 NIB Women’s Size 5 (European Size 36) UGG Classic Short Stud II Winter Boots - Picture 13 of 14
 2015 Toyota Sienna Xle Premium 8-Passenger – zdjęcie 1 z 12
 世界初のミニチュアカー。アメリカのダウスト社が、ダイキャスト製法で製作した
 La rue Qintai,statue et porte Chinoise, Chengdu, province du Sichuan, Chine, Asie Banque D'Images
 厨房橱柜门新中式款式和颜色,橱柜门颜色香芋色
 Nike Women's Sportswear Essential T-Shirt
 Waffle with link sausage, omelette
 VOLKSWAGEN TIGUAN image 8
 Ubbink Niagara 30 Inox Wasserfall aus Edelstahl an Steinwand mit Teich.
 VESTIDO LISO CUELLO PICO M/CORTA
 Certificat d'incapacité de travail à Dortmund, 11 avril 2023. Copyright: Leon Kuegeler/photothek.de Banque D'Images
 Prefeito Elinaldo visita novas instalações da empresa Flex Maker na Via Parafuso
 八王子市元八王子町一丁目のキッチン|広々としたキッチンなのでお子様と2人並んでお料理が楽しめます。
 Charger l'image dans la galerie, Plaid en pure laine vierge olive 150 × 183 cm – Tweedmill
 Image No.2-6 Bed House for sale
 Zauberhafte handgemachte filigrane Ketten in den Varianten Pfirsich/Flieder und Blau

__The problem__.
State the number of lines above that include the word "Women", and write nothing besides that number.

__Result below__.
2